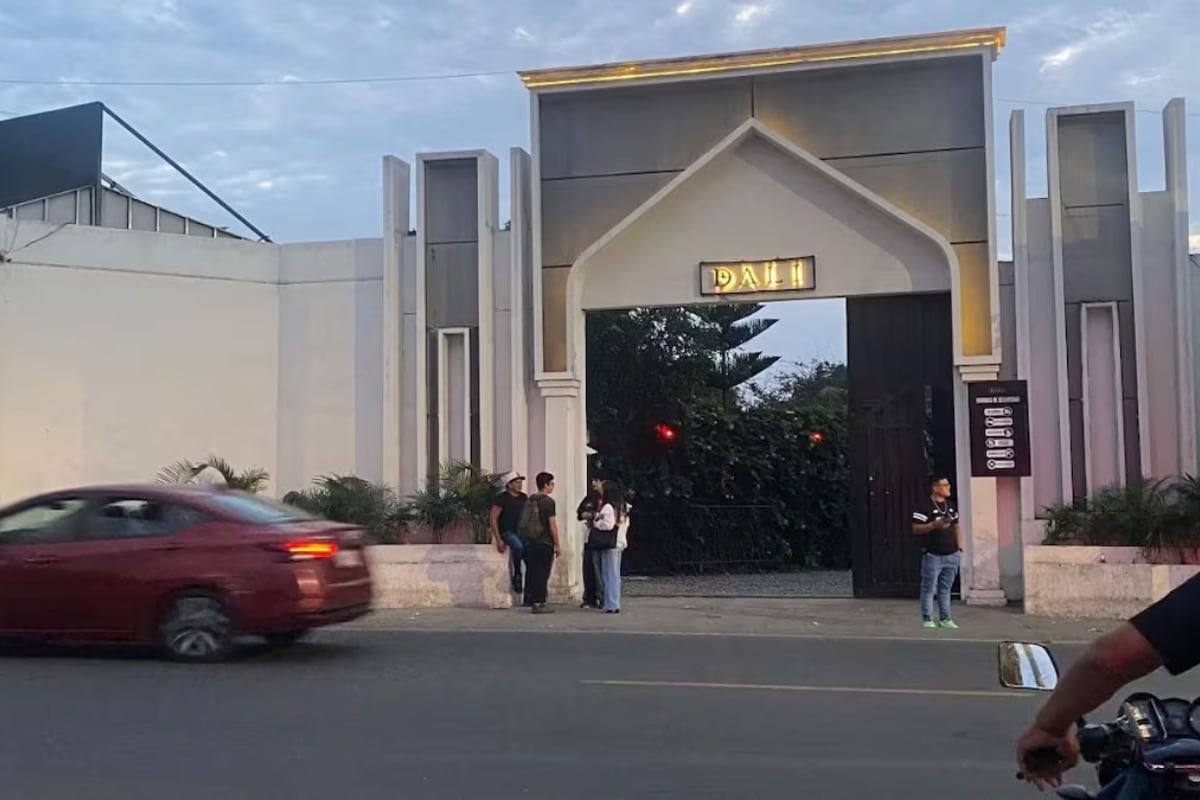 El estallido ocurrió la madrugada del 7 de marzo en un local nocturno lleno de asistentes. Las autoridades investigan si el ataque está vinculado a redes de extorsión. (Foto: N60 Noticias)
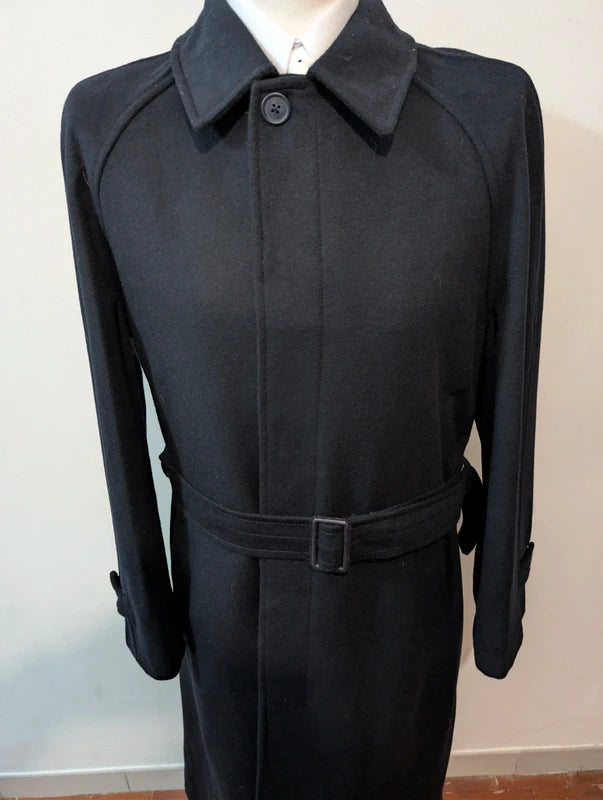 Wunderschöner Raglanmantel aus Wolle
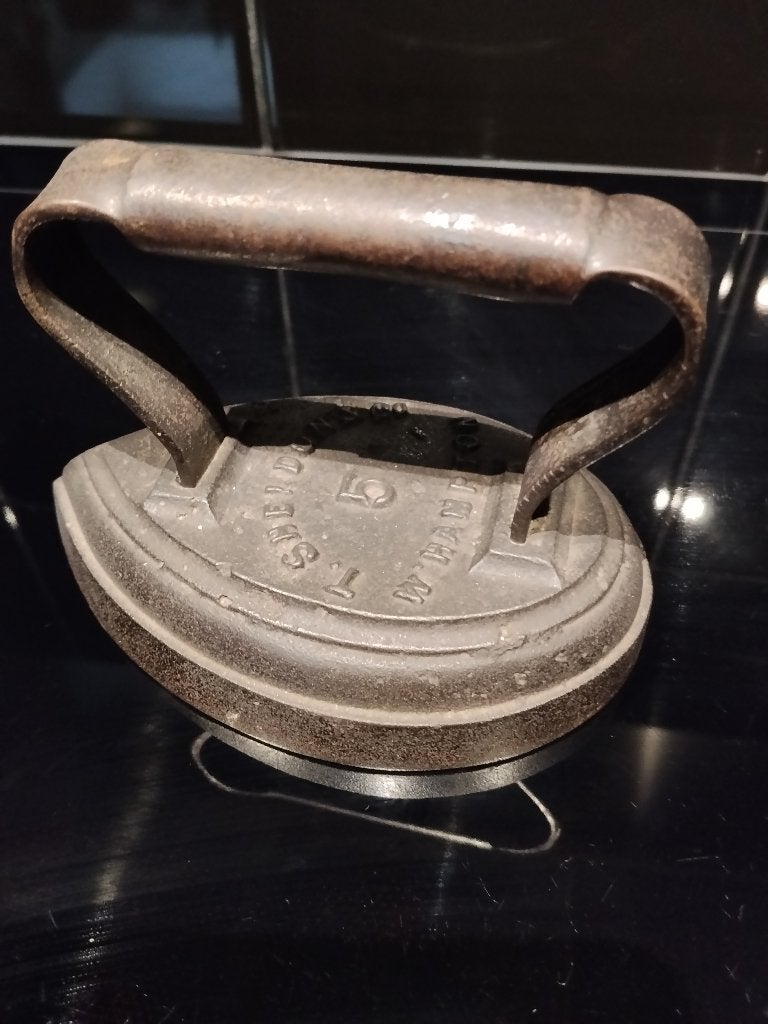 Antiek strijkijzer 14cm., Ophalen of Verzenden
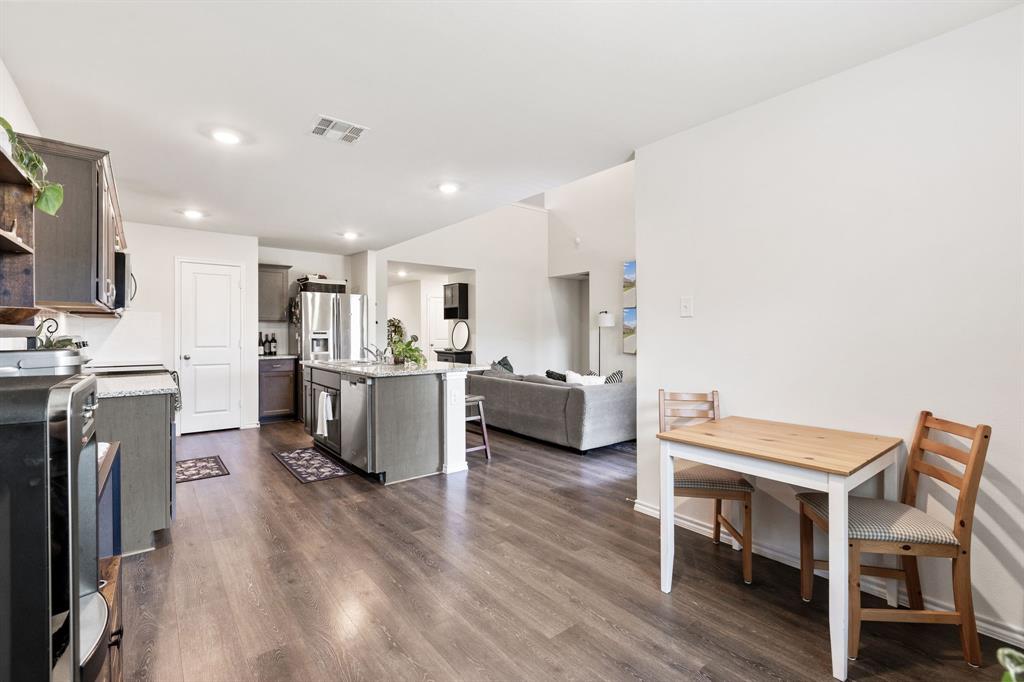 1012 Euston Street Property Photo 13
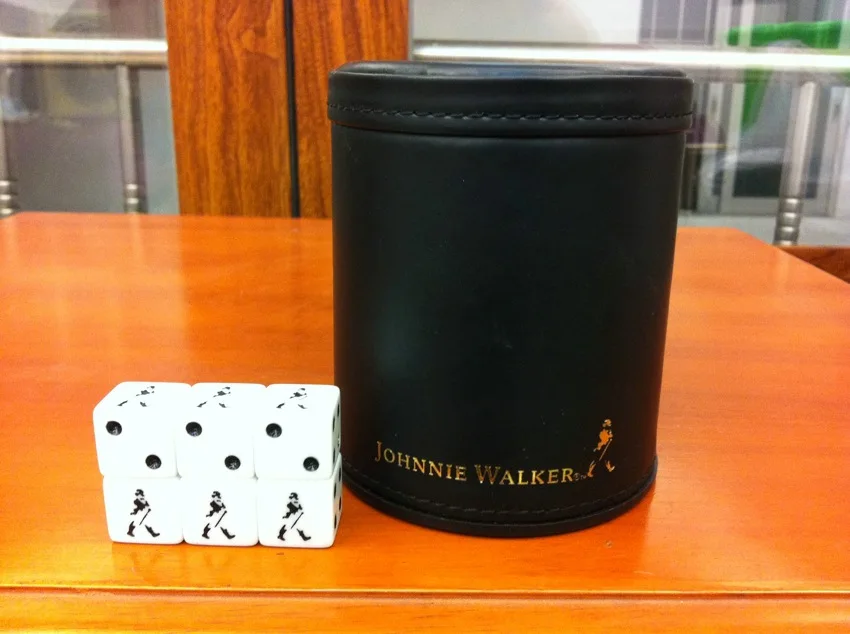 Whisky Johnnie Walker high quality leather Dice cup Shake cup box with 6pcs 12mm dices GYH
Whisky Johnnie Walker high quality leather Dice cup Shake cup box with 6pcs 12mm dices GYH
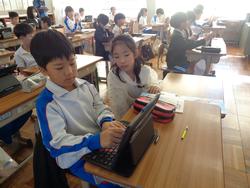 4年生外国語活動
────────────────
- Exercise aim -
The task calls for repeating each line above exactly while excluding the pictures.

- Exercise output -
 El estallido ocurrió la madrugada del 7 de marzo en un local nocturno lleno de asistentes. Las autoridades investigan si el ataque está vinculado a redes de extorsión. (Foto: N60 Noticias)
 Wunderschöner Raglanmantel aus Wolle
 Antiek strijkijzer 14cm., Ophalen of Verzenden
 1012 Euston Street Property Photo 13
 Whisky Johnnie Walker high quality leather Dice cup Shake cup box with 6pcs 12mm dices GYH
Whisky Johnnie Walker high quality leather Dice cup Shake cup box with 6pcs 12mm dices GYH
 4年生外国語活動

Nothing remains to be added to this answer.